At the C level, the struct SexpObject is defined as:

  • a reference count on the Python side
  • a possible future reference count on the R side (currently unused)
  • a pointer to the R SEXPREC
typedef struct {
    Py_ssize_t pycount;
    int rcount;
    SEXP sexp;
} SexpObject;

The capsule is used to provide a relatively safe composition-like flavor to the inheritance-based general design of R objects in rpy2, but should one require access to the underlying R SEXP object it remains possible to access it. The following example demonstrates one way to do it without writing any C code:

import ctypes

# Python C API: get the capsule name (of a capsule object)
pycapsule_getname=ctypes.pythonapi.PyCapsule_GetName
pycapsule_getname.argtypes = [ctypes.py_object,]
pycapsule_getname.restype=ctypes.c_char_p

# Python C API: return whether a Python objects is a valid capsule object
pycapsule_isvalid=ctypes.pythonapi.PyCapsule_IsValid
pycapsule_isvalid.argtypes=[ctypes.py_object, ctypes.c_char_p]
pycapsule_isvalid.restype=ctypes.c_bool

# Python C API: return the C pointer
pycapsule_getpointer=ctypes.pythonapi.PyCapsule_GetPointer
pycapsule_getpointer.argtypes=[ctypes.py_object, ctypes.c_char_p]
pycapsule_getpointer.restype=ctypes.c_void_p

class SexpObject(ctypes.Structure):
    """ C structure SexpObject as defined in the C
        layer of rpy2. """
    _fields_ = [('pycount', ctypes.c_ssize_t),
                ('rcount', ctypes.c_int),
                ('sexp', ctypes.c_void_p)]

# Function to extract the pointer to the underlying R object
# (*SEXPREC, that is SEXP)
RPY2_CAPSULENAME=b'rpy2.rinterface._rinterface.SEXPOBJ_C_API'
def get_sexp(obj):
    assert pycapsule_isvalid(obj, RPY2_CAPSULENAME)
    void_p=pycapsule_getpointer(obj, RPY2_CAPSULENAME)
    return ctypes.cast(void_p, ctypes.POINTER(SexpObject).contents.sexp
from rpy2.rinterface import globalenv
# Pointer to SEXPREC for the R Global Environment
sexp=get_sexp(globalenv)

Changing the SEXP in SexpObject this way is not advised because of the risk to confuse the object tracking in rpy2, and ultimately create a segfault. (I have not thought too long about this. May be the object tracking is more robust than it think.
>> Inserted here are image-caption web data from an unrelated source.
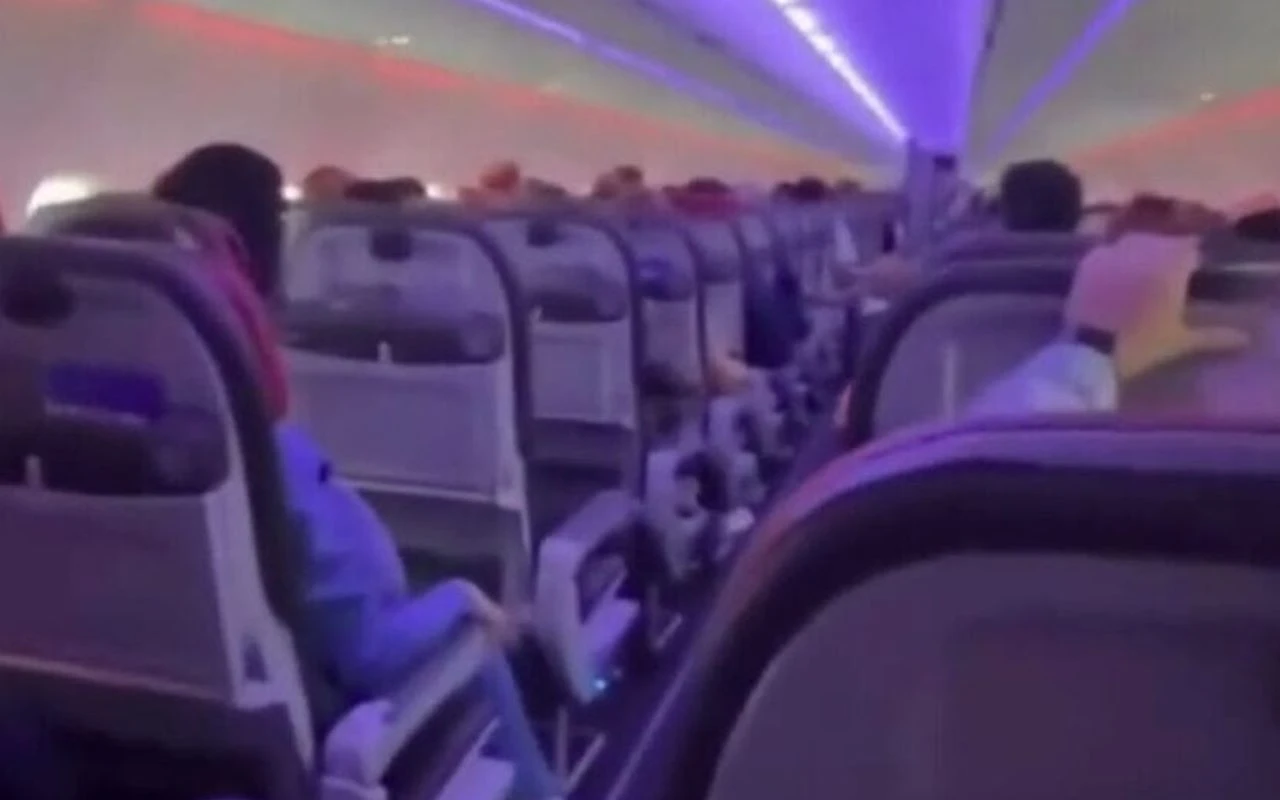 Passageiros se assustam após avião ser atingido por granizo. Vídeo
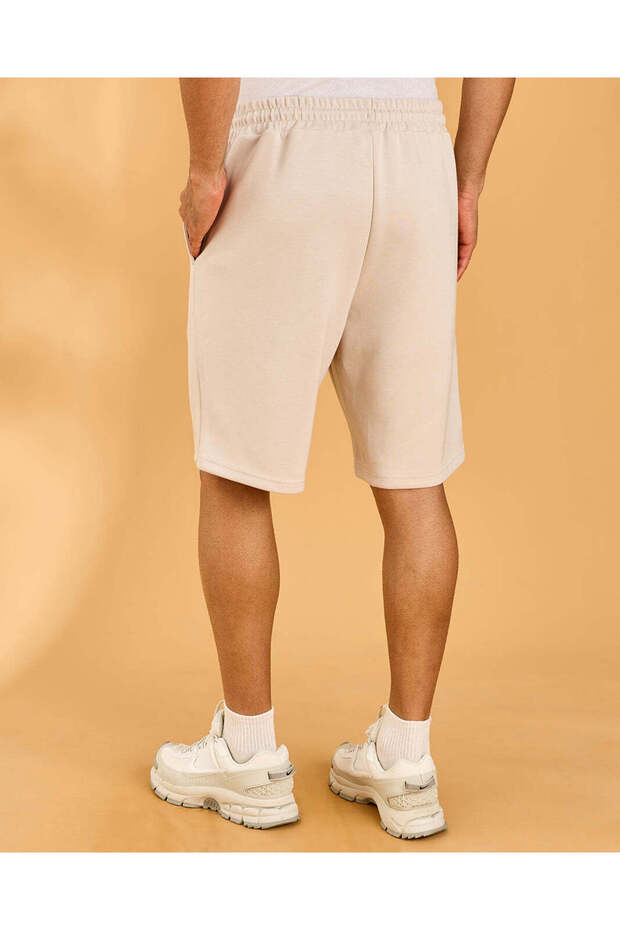 شورت رياضي سادة للرجال باللون البيج - 3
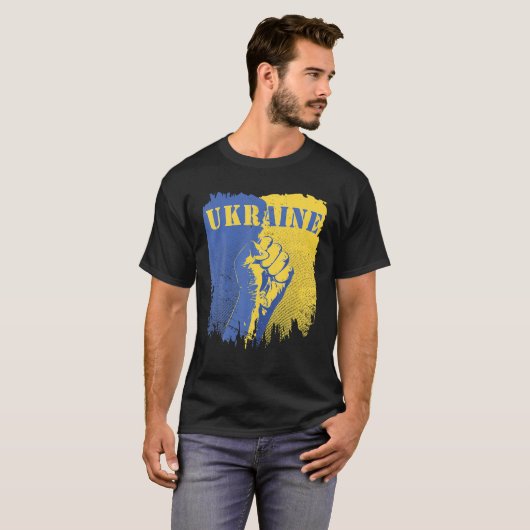 Pro Ukraine Flag Fist steunt Oekraïens verzet T-shirt (Voorkant volledig)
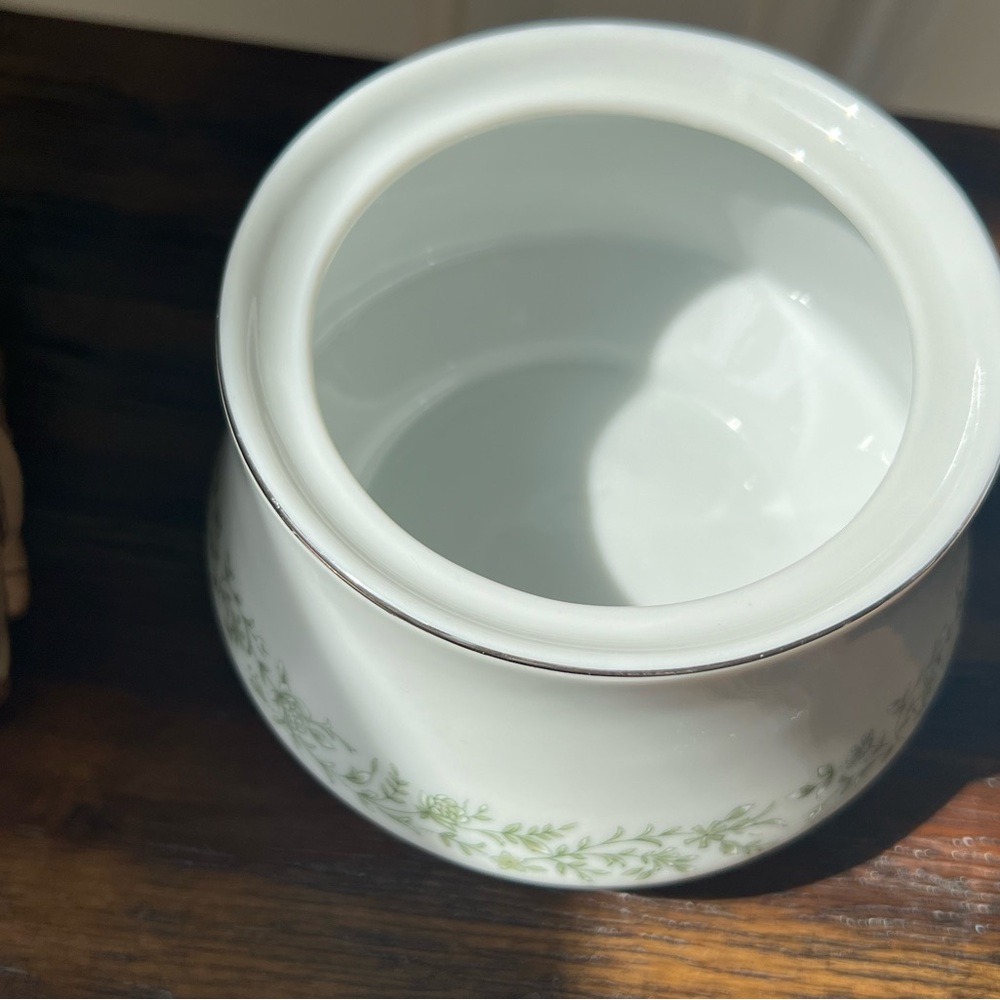 Mikasa Montclair Porcelain covered sugar/ candy dish - Picture 3 of 3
Just be warned.)

R’s NAMED

Whenever the pass-by-value paradigm is applied stricly, garbage collection is straightforward as objects only live within the scope they are declared, but R is using a slight modification of this in order to minimize memory usage. Each R object has an attribute Sexp.named attached to it, indicating the need to copy the object.

>>> import rpy2.rinterface as ri
>>> ri.initr()
0
>>> ri.baseenv['letters'].named
0

Now we assign the vector letters in the R base namespace to a variable mine in the R globalenv namespace:

>>> ri.baseenv['assign'](ri.StrSexpVector(("mine", )), ri.baseenv['letters'])
<rpy2.rinterface.SexpVector - Python:0xb77ad280 / R:0xa23c5c0>
>>> tuple(ri.globalenv)
("mine", )
>>> ri.globalenv["mine"].named
2

The named is 2 to indicate to R that mine should be copied if a modication of any sort is performed on the object. That copy will be local to the scope of the modification within R.